宗派に従って近くのお寺を想定してはいるものの、私たち3きょうだい全員に子どもがいないので、母に「海洋散骨か樹木葬にしたら?」と提案したが、秒速で一蹴された。「墓がないなんてありえない」という考えらしいが、私たちの世代で墓守がいなくなることを考えると高野山などに永代供養してもらう選択なども頭をよぎる。
パートナーの白川を散骨でしたことは以前にこのコラムでも触れたが、それは白川の強い意向を生前から聞いていたので、迷うことなしにその選択ができた。
「俺が死んだら、葬式はするな。墓は要らない、誰も呼ばなくていいからおまえひとりで俺の故郷の湘南の海に撒いてくれ。その時に『ひまわり』と『ワンス・アポン・ア・タイム・イン・アメリカ』のテーマ曲を必ずかけてくれよ」。
大好きなこの2本の映画音楽をトウチャンはこよなく愛していて、ピアノバーなどで必ずリクエストしていたものだ。

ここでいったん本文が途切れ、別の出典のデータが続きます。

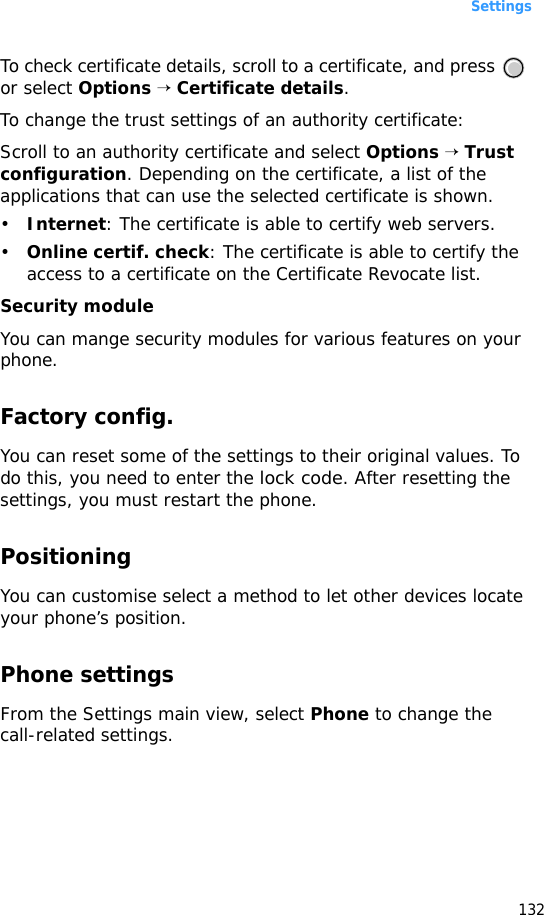 Settings132To check certificate details, scroll to a certificate, and press   or select Options → Certificate details.To change the trust settings of an authority certificate:Scroll to an authority certificate and select Options → Trust configuration. Depending on the certificate, a list of the applications that can use the selected certificate is shown. •Internet: The certificate is able to certify web servers.•Online certif. check: The certificate is able to certify the access to a certificate on the Certificate Revocate list.Security moduleYou can mange security modules for various features on your phone.Factory config.You can reset some of the settings to their original values. To do this, you need to enter the lock code. After resetting the settings, you must restart the phone.PositioningYou can customise select a method to let other devices locate your phone’s position.Phone settingsFrom the Settings main view, select Phone to change the call-related settings.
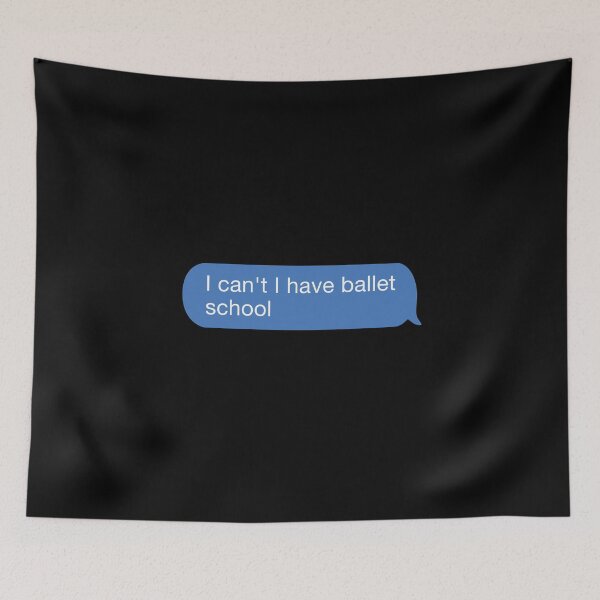 Item preview, i cant i have ballet school designed and sold by orlumbuspirate.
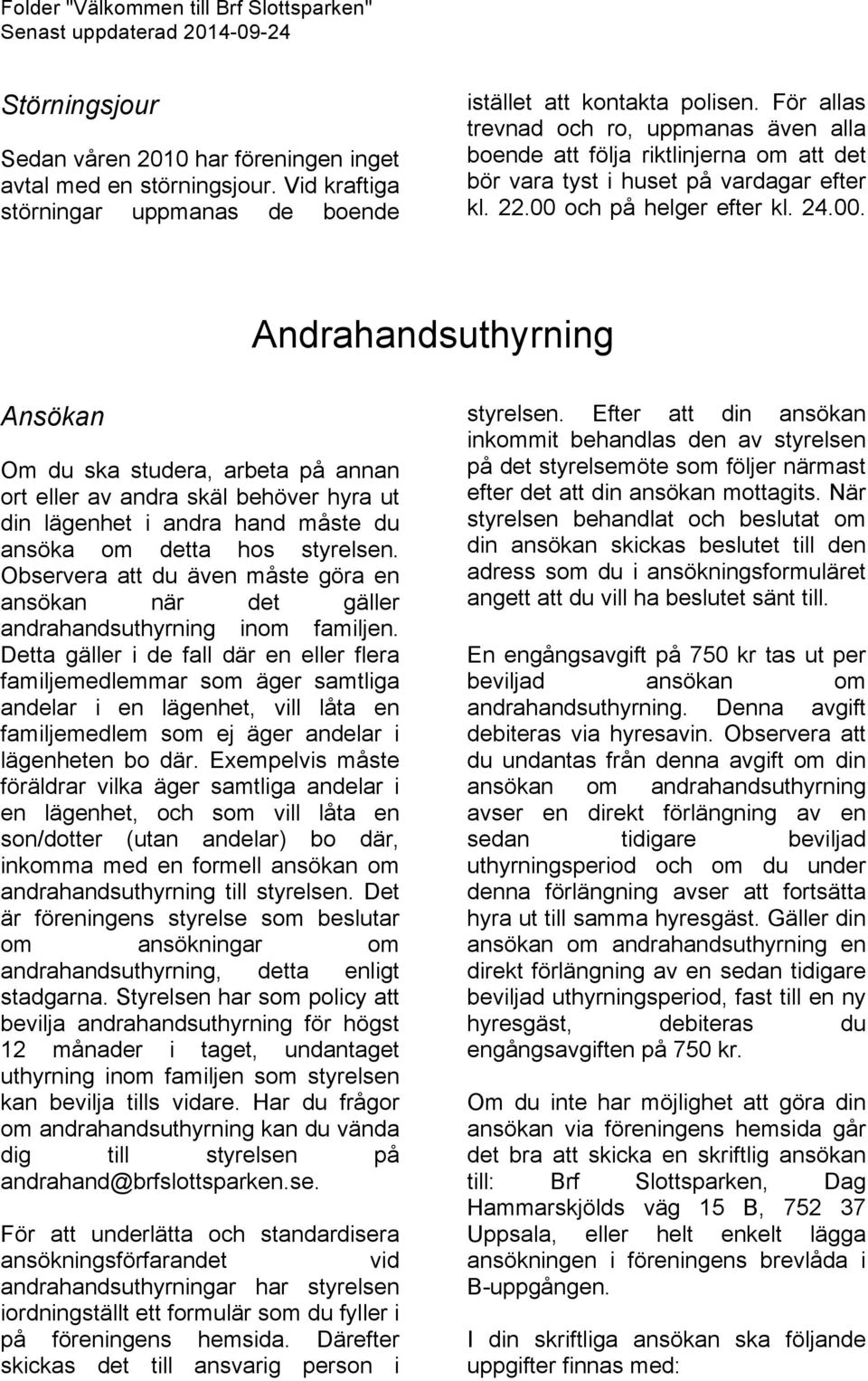 och på helger efter kl. 24.00. Andrahandsuthyrning Ansökan Om du ska studera, arbeta på annan ort eller av andra skäl behöver hyra ut din lägenhet i andra hand måste du ansöka om detta hos styrelsen.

その約束を守り、亡くなって半年お骨を手元においたあと、彼があれほど迎えるのを嫌がっていた70歳の誕生日の直前に湘南の海に撒いた。約束はちょっとだけやぶって、友人や仲良しの担当編集者など10人余りをのせて散骨専門の業者に頼んで貸切ったクルーザーで海に出た。遺骨は前もってパウダー状にするため散骨の数日前に預けたのだが、手放すときはさすがに辛くて、しばらく遺骨の上に手のひらを押し当てて泣いた。なぜかほんのりとあたたかかった。急激にすべてを海に還してお別れするのがつらくてほんの少しだけ手元に残し、その一部をペンダントに入れた。そして2年前に旅立った猫のトニオの遺骨を自宅に保管していたのだが、その骨も一緒に散骨するように手筈を整えた。トニオはトウチャンが生涯で一番愛した猫だったのでお供してもらうことにしたのだ。